That "convoluted telco/ITU-T style" yields amazingly high quality specifications. I'll take X.68x / X.69x any day over most Internet RFCs (and I've written a number of Internet RFCs). The ITU-T puts a great deal of effort into its specs, or at least the ASN.1 working group did.

ASN.1 is not that complicated. Pity that fools who thought ASN.1 was complicated re-invented the wheel quite poorly (Protocol Buffers I'm looking at you).


For our sins, our industry is doomed to suffer under unbearable weight of endless reinvented wheels. Of course it would have been better to stick with ASN.1. Of course we didn't, because inexperience and hubris. We'll never learn.


It sure seems that way. Sad. It's not just hubris nor inexperience -- it's cognitive load. It's often easier to wing something that later grows a lot than it is to go find a suitable technology that already exists.


One thing I liked about a Vernor Vinge sci-fi novel I read once was the concept of "computer archeologist". Spool the evolution of software forwards a few centuries, and we'll have layers upon layers of software where instead of solving problems with existing tooling, we just plaster on yet another NIH layer. Rinse and repeat, and soon enough we'll need a separate profession of people who are capable of digging down into those old layers and figure out how they work.


> The perceived complexity of ASN.1 comes from the schema language and specifications written in the convoluted telco/ITU-T style (and well, the 80's type system that has ~8 times two different types for “human readable string”).

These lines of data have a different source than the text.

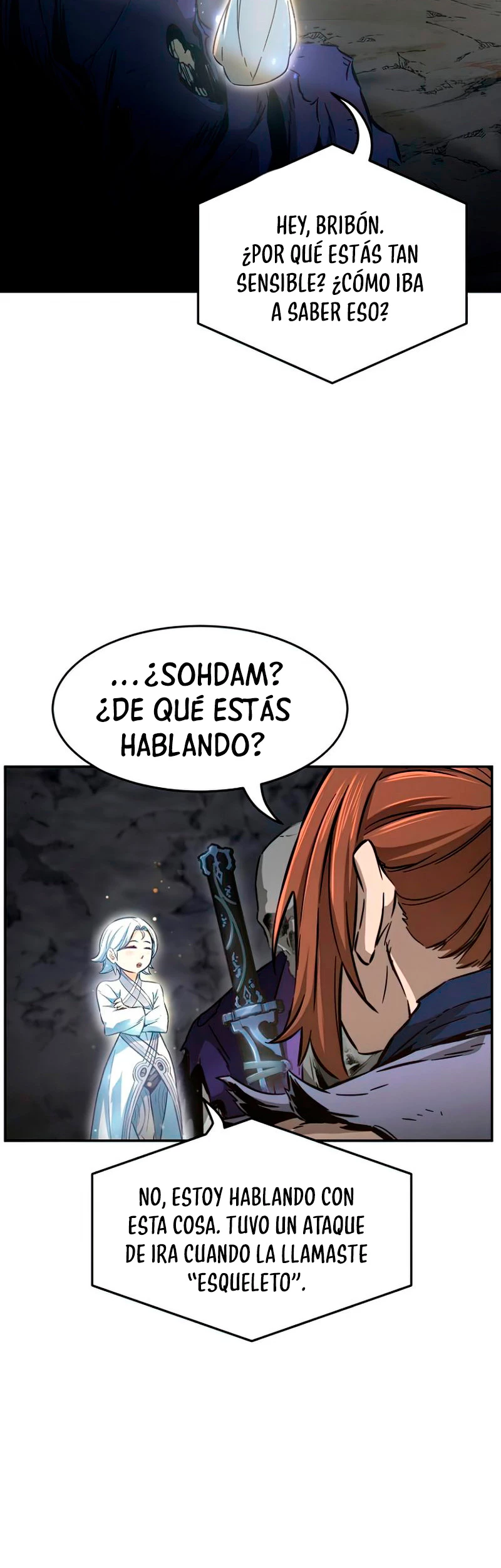 El Sentido Absoluto de las Espadas capítulo 11 página 65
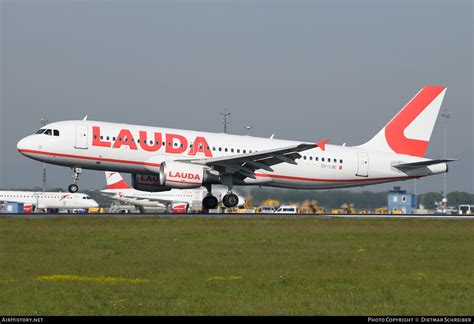 Aircraft Photo Of H Lmi Airbus A Lauda Europe Airhistory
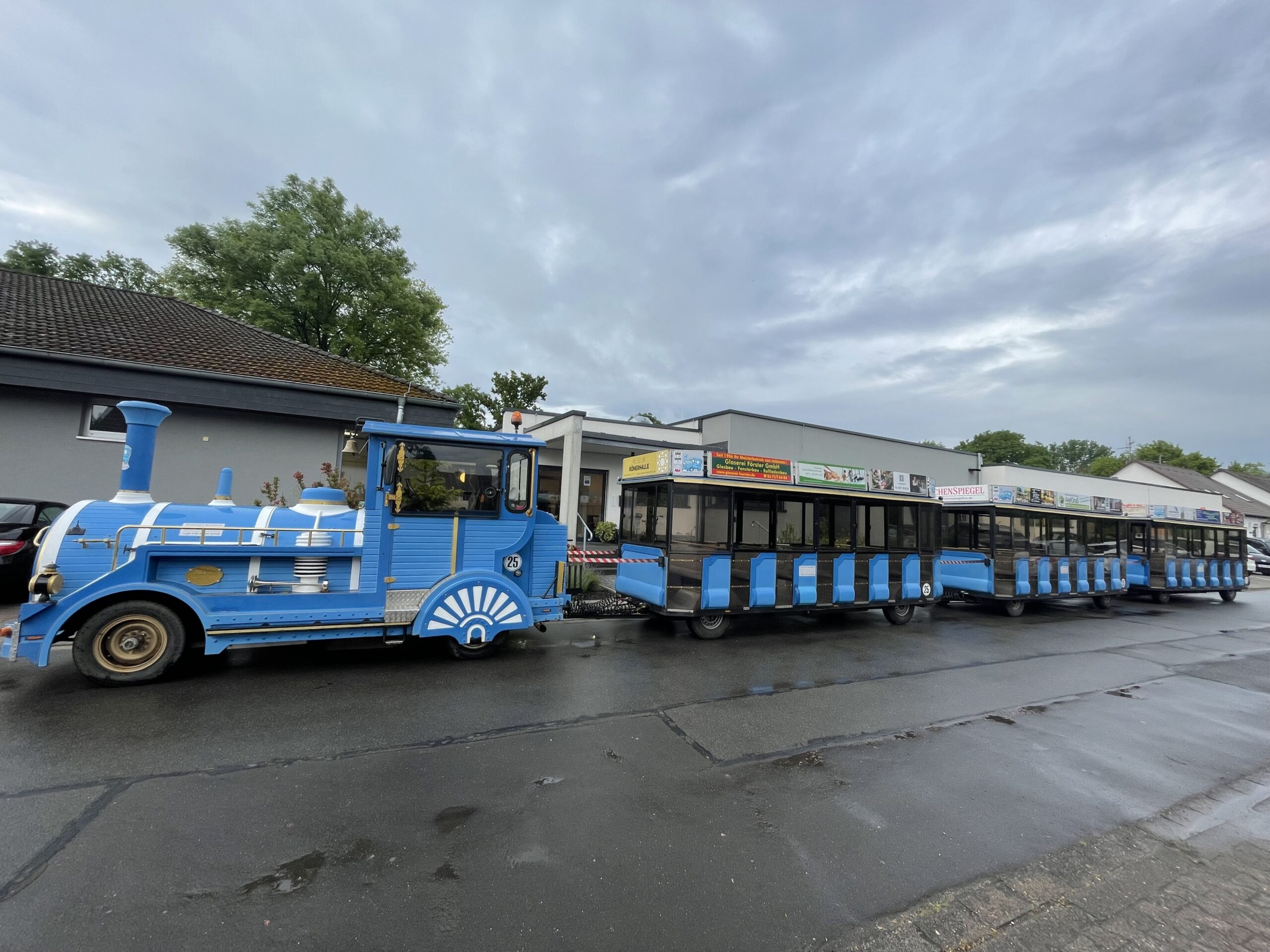 Fahrt mit der Kreuznacher Bimmelbahn 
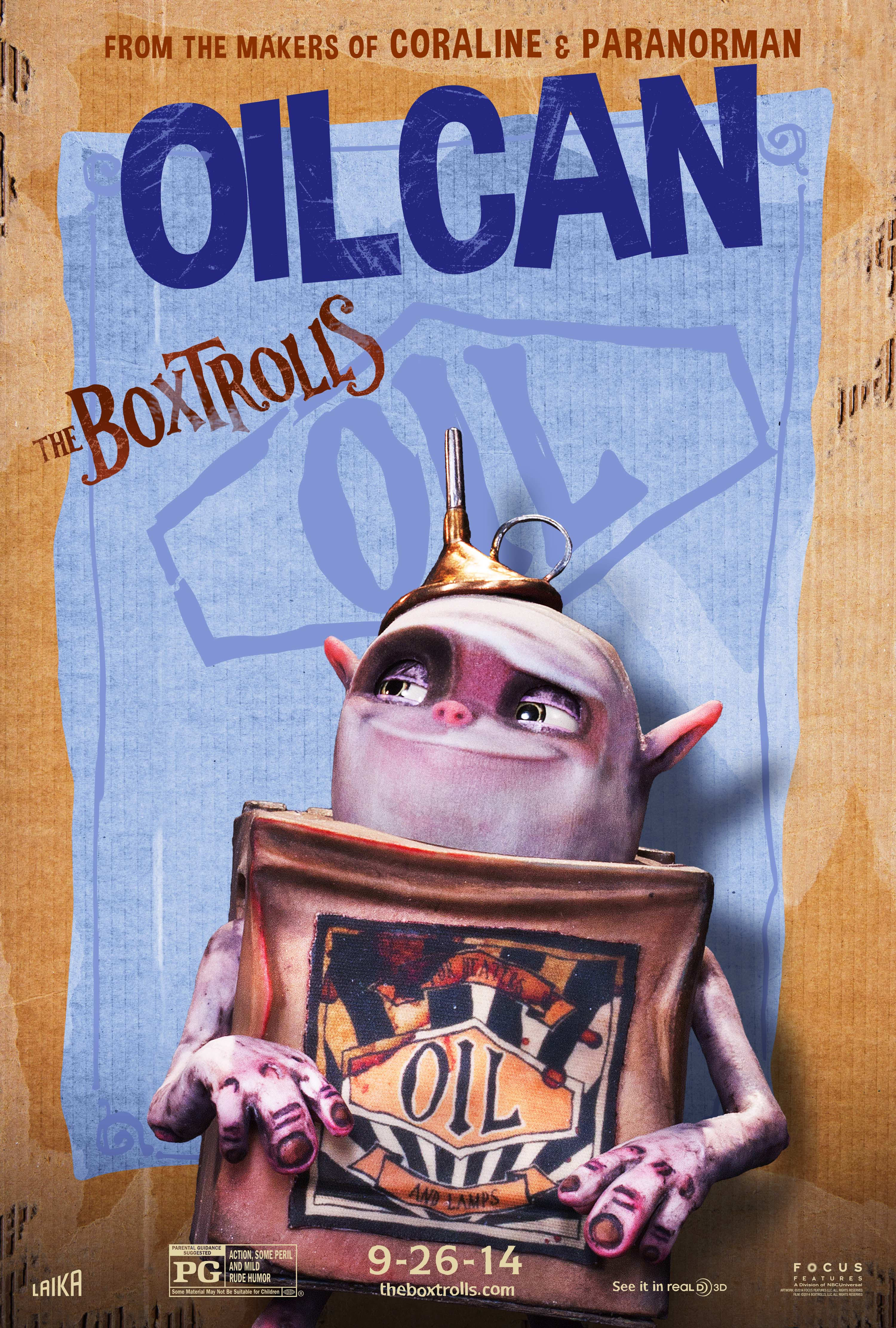 Oilcan The Boxtroll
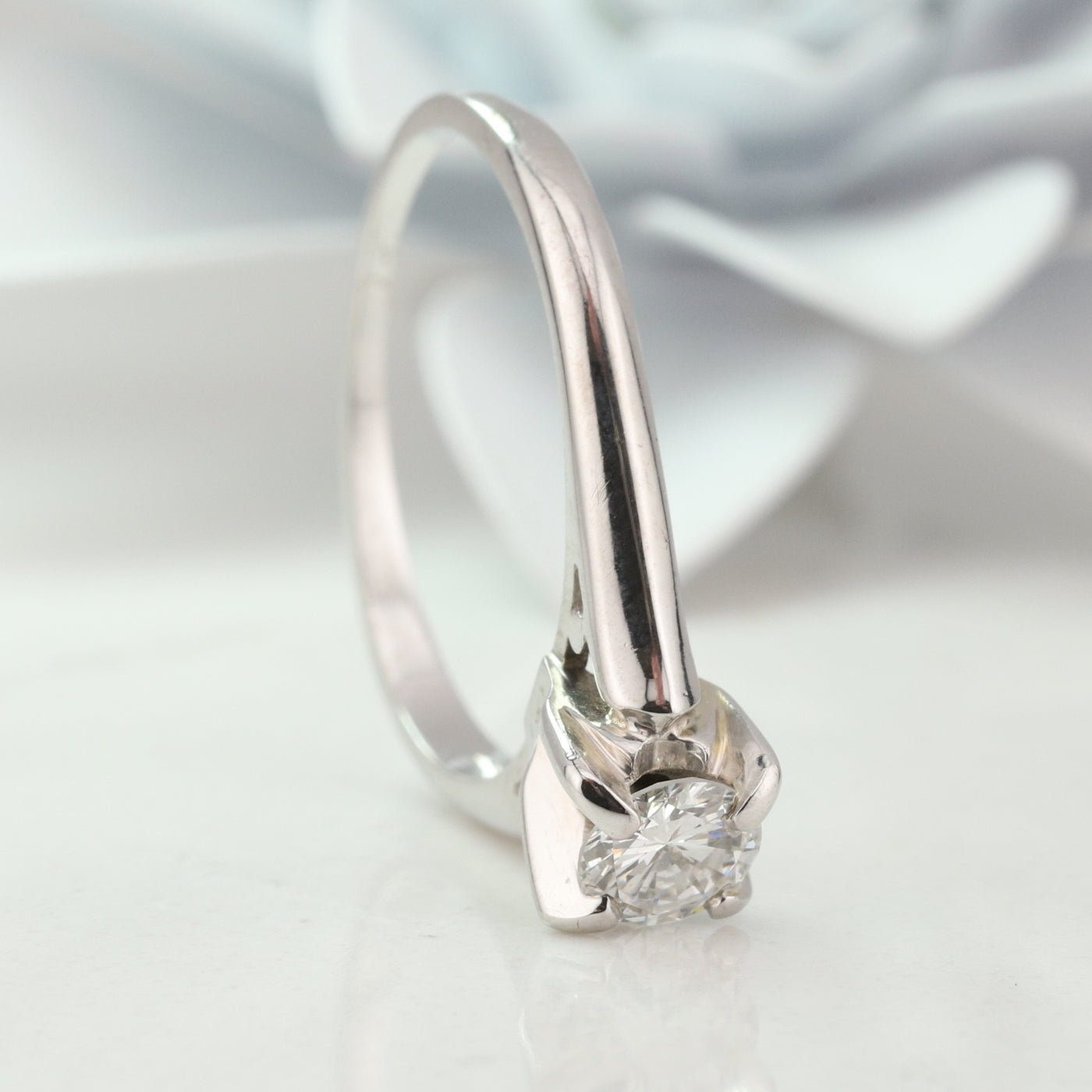 Diamond Solitaire Ring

I can’t resist pointing that it’s basically a longer way of saying quite complicated and not very efficient.


> I can’t resist pointing that it’s basically a longer way of saying quite complicated and not very efficient.

That's very wrong. ASN.1 is complicated because it's quite complete by comparison to other syntaxes, but it's absolutely not inefficient unless you mean BER/DER/CER, but those are just _some_ of the encoding rules available for use with ASN.1.

To give just one example of "complicated", ASN.1 lets you specify default values for optional members (fields) of SEQUENCEs and SETs (structures), whereas Protocol Buffers and XDR (to give some examples) only let you specify optional fields but not default values.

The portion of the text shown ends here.